Event-driven systems have typically been built around either relational databases or real-time messaging systems, or a combination of both. While these technologies have their advantages, neither is particularly well suited for managing and analyzing events in rapidly changing environments. Relational database servers can process large amounts of stored data and can analyze the information with relative ease but are not designed to operate in real-time environments, and do not provide an effective way to monitor rapidly changing data. Messaging systems permit data to be monitored in real time but generally are not capable of complex computations, correlations, pattern matching or references to historical data.
Custom applications must often be combined with these technologies to create a viable solution. However, the use of custom applications to compensate for the limitations of these technologies creates new complications. For example, custom applications become increasingly complex very quickly as an organization's need for progressively more sophisticated analysis grows. Further, custom applications are also costly to modify, and they do not scale well as organizational needs change.
Tools, such as the Sybase CEP Engine available from Sybase, Inc., of Dublin, Calif., have been developed in the field of Complex Event Processing (CEP) and Event Stream Processing (ESP) applications for use in building applications to process and analyze large volumes of fast-moving data in highly dynamic environments. These tools couple the best features of relational databases and messaging technologies, combined with many new features required for the rapidly changing world faced by today's businesses. For example, like a real-time messaging system, reactions to each new piece of data occur immediately. Like a relational database system, support exists for the use of a query language similar to SQL to process and analyze incoming data, and to correlate it with historical data. Also, sophisticated pattern-matching capabilities are provided without requiring large amounts of custom application code.

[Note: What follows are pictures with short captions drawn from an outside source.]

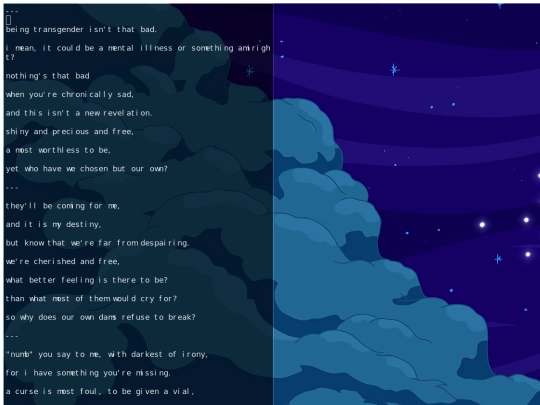 html-pages/avatar-hopeful-in-a-gunfight screenshot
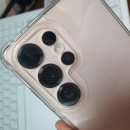 불사조 | 내 소중한 갤럭시s26를 위한 불사조 케이스 장착 후기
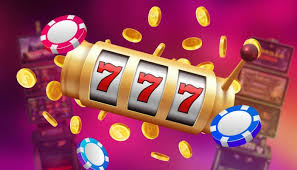Immerse Yourself in the Excitement of Amazon Slots Online Casino UK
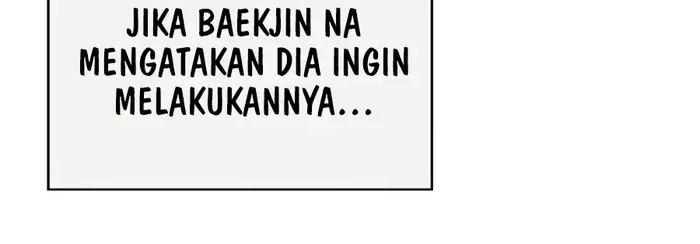 Weak Hero Chapter 233 Gambar 20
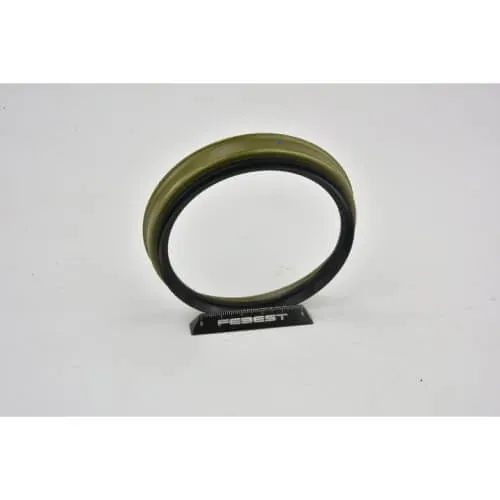 TOYOTA HILUX GGN15,25,35,KUN1#,2#,3# Oil seal front hub 80.1X97.2X9.7X18.2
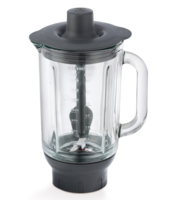 POSODE-4/STEKLEN-VRC-KW-AW22000005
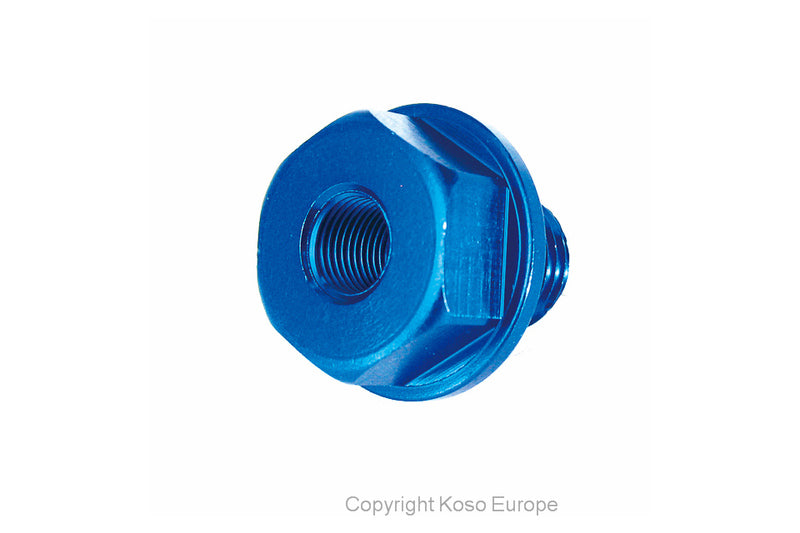 KOSO Thread Adapter M20x1,5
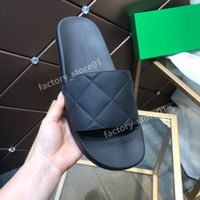 Top Quality Luxury Mens Womens Slipper 2022 Summer Sandals B...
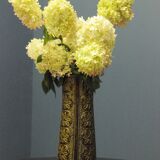 Grand vase Bay Keramik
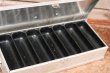 画像7: dp-200901-49 UMCO / MODEL 10 Tackle Box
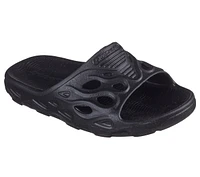 Foamies: Thermo-Slide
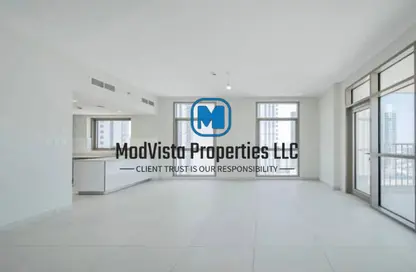 شقة - 3 غرف نوم - 4 حمامات للبيع في ريفليكشن - شمس أبوظبي - جزيرة الريم - أبوظبي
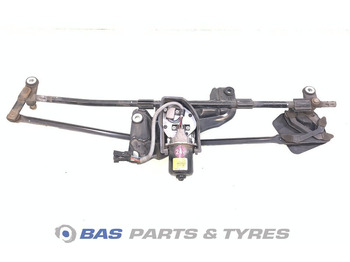 Sistema eléctrico RENAULT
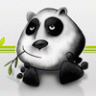 Test-Templates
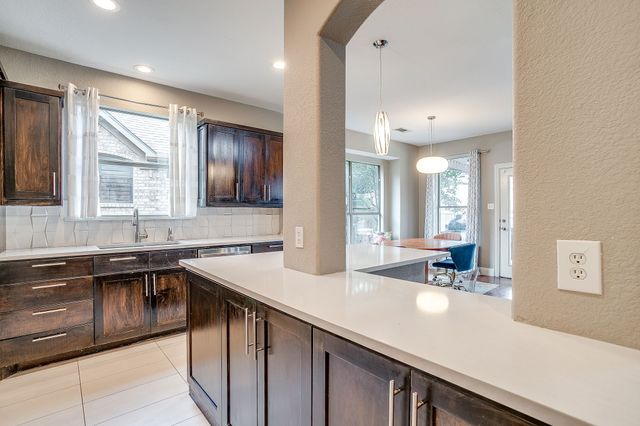 12813 Travers Trail, Fort Worth, TX 76244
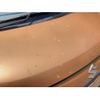 suzuki spacia 2014 CFJ1850440 image 25
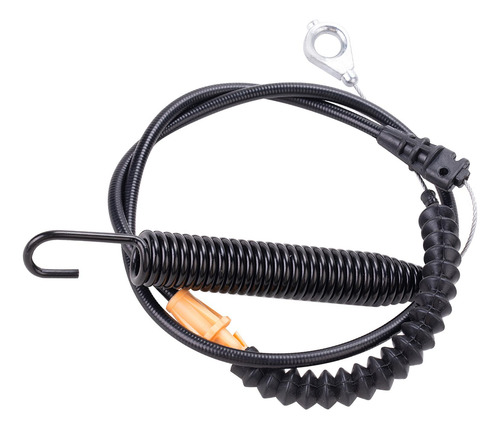 946-05124a Repair Parts High Performance Easy Installation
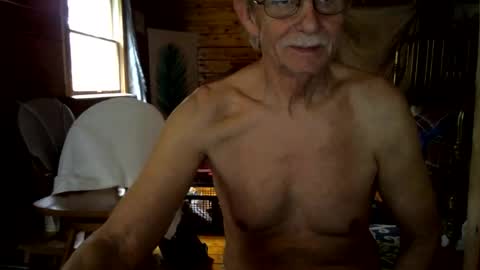 Snapshot of timcassforyou chatting on May 29, 7:34 pm timcassforyou online show from May 29, 7:34 pm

FIG. 1 illustrates a block diagram of components of an end-to-end application incorporating a complex event processing engine 100. Messages travel through the application starting from an external data source 110 to an input adapter 120. The input adapter 120 may poll the external source 110 or register for notifications or use some other mechanism to receive data. The input adapter 120 publishes messages to one or more data streams 130. The stream(s) 130 feed projects and query module(s) 140. The query module(s) 140 publish to one or more streams 150. The stream(s) 150 feed an output adapter 160. The output adapter 160 subscribes to the stream(s) 150, processes the messages, converts the data to a format suitable for the destination 170, and then transmits the output data to the destination 170. The destination 170 performs whatever actions with the data that it is designed to do.
Input and output adapters enable the CEP engine 100 to send and receive messages from dynamic and static external sources and destinations. External sources or destinations can include data feeds, sensor devices, messaging systems, radio frequency identification (RFID) readers, e-mail servers, relational databases, and the like. By way of example, a series of input adapters 120 can translate messages from data sources 110, such as a temperature sensor, bar code scanner and a Java Message Service (JMS) “cloud”, into formats compatible with the CEP engine 100 for processing by several CEP queries 140 with the output adapters 160 converting the CEP result rows into updates to destinations 170, such as a database server, e-mail messages, and data for a web services dashboard.
The CEP engine 100 may process hundreds of thousands of messages per second, with latency measured in milliseconds and may run on a single processor, or may consist of multiple servers (i.e., a server cluster) distributed across multiple machines, each containing one or more processors. When a cluster is utilized, a user (or system) may need to control movement of a running CEP project from one node to another in a cluster, such as to balance the load. One basic way to move a project from one node to another would be to stop the running project in the source node and start the project in the destination node. Unfortunately, in this approach, messages which are currently in transition in the CEP may be lost. One way to avoid such losses is to enable persistence in a CEP project, so that the transit stream messages as well as status of the query engine are persisted, such as to persistent storage 180. However, this will not provide a complete solution, since messages could be in transition in the input 120 and output 160 adapters, and stopping a project may result in those messages being lost.
By enabling guarantee delivery, which is a communications protocol that provides acknowledgements from the recipient to the sender assuring that messages were delivered, message loss could be avoided, so that, together with persistence enabled, a project could be stopped and moved a project successfully. However, once you add persistence and guarantee delivery, system performance decreases significantly. Performance sensitive CEP projects (e.g., those that avoid the use of disk input/output) may not want to add persistence and guarantee delivery, and some projects may enable persistence and not guarantee delivery.
Accordingly, a need exists for an approach to provide efficient and successful project movement in a CEP cluster that avoids the problems of the prior art. The present invention addresses such as need.